In contrast, many in Serbia cannot forgive Aleksandar Kolarov for events last year when he presented himself for the Euro 2020 play-off with Scotland but felt unable to play so he took a place on the bench, Kolarov cast by fans there as a coward, more focused on his club than his country. The anti-McClean.

While the Republic manage to mould a team out of players who are, in general, struggling at their clubs or else playing for struggling clubs, Serbia’s stars lose their shine once they don the shirt of the national side. There’s a real sense nationally in Serbia that their football team are one of Europe’s great chokers, athletes whose talents and confidence seep away the closer they get to the big stage: they haven’t been to the Euros since 2000, haven’t had a decent World Cup since 1998 and were the worst-performing side at the 2006 World Cup.

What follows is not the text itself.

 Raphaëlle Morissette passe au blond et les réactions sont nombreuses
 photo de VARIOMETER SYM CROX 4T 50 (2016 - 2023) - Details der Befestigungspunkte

Serbian football seems to be in a constant stare of chaos: this week the head of their Football Federation resigned, having been questioned by police probing mob-related issues, including murder. The Belgrade media gleefully reported that the then Serbian FA chief recently refused to answer questions in a polygraph test if he was involved in an assassination attempt on the country’s president.

Last week Manchester United man Nemanja Matic, in voluntary exile from the national team, launched a scathing attack on the politics of the Serbian FA, saying that failure to qualify for Euro 2020 was the least of their worries as he claimed that, from issues like match-fixing in the domestic game, “with Serbian football we have reached the bottom, we are swimming in the mud”.

Tonight will prove if their players can show their undoubted class or else once again crumble in the face of a battle.